[From Part 1] I’m not the best at making sure that I read my Bible well every day. I’m not too bad at sitting down and reading a chapter or two; what I am bad at is actually taking it in and thinking about what I’ve read. This came up in last week’s small group as we focused on time management – what time do we have free in the day and are we using it well? As a challenge to myself in the wake of that I decided to try and get at least twenty minutes of good Bible reading in in a day and to make some notes on what I was reading (this is because I generally find that writing things down helps me to process them better). As a result of that, I now have a few notes on a few different Bible passages, so I thought I’d share them on here so that you can have a look and see what you think. If you have any comments or questions, as always, feel free to leave them and I’ll do my best to get back to you.
23/2/14 – 1 Timothy 2:1-7
- Verse 2: Encouragement to pray for kings and ‘those in authority’. Social revolution doesn’t seem too advocated; let God work and live in peace as far as possible. Praying for current rulers implies a desire to see God help them, not for them to be replaced by other flawed people. This seems to offer an alternative to living in dissatisfaction under a disliked ruler. This is all the more challenging to us, as compared to the pagan Roman government and pharisaic Jewish authorities Paul was living under, our government, however flawed, doesn’t seem so bad.

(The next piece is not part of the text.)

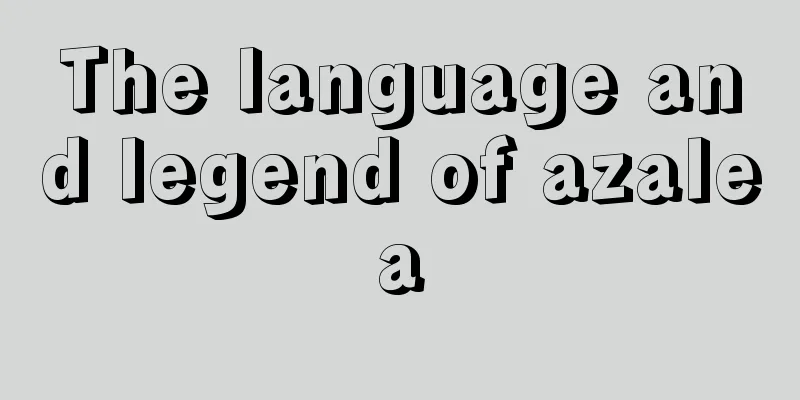 The language and legend of azalea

- Verse 4: God ‘wants all people to be saved and to come to knowledge of the truth’. Does this mean that God doesn’t always get what he wants, or is this an endorsement of some sort of universalism? Well, if God always gets what he wants, did he want man to fall and turn away from him? God’s desire/wants here seem different from God’s will/foreknowledge/ordination. You can see why some theologians, like Calvin, suggested a difference between God’s revealed and secret wills (not saying I agree with this). That said, we possibly don’t need to read that far into this statement. What does it actually tell us? That Jesus’ death was for all of us. That God doesn’t want anyone to perish. That God cares for everyone. I think verses like this can be dangerous when removed from the context of verses about God’s wrath and the punishment for sin; it could otherwise be easy to take this in a universalist way.
- Verse 5: Jesus is the only mediator between man and God. Is this a warning? An encouragement? Both? It is pointless to appeal to anyone other than Jesus. He is the only one that can mediate between Man and God. He is the only one who can save us. He is the only one who can take away our sins. The ‘man Christ Jesus’. That title emphasises the duality of his humanity and the authority he has received from God. The perfect, anointed, human king.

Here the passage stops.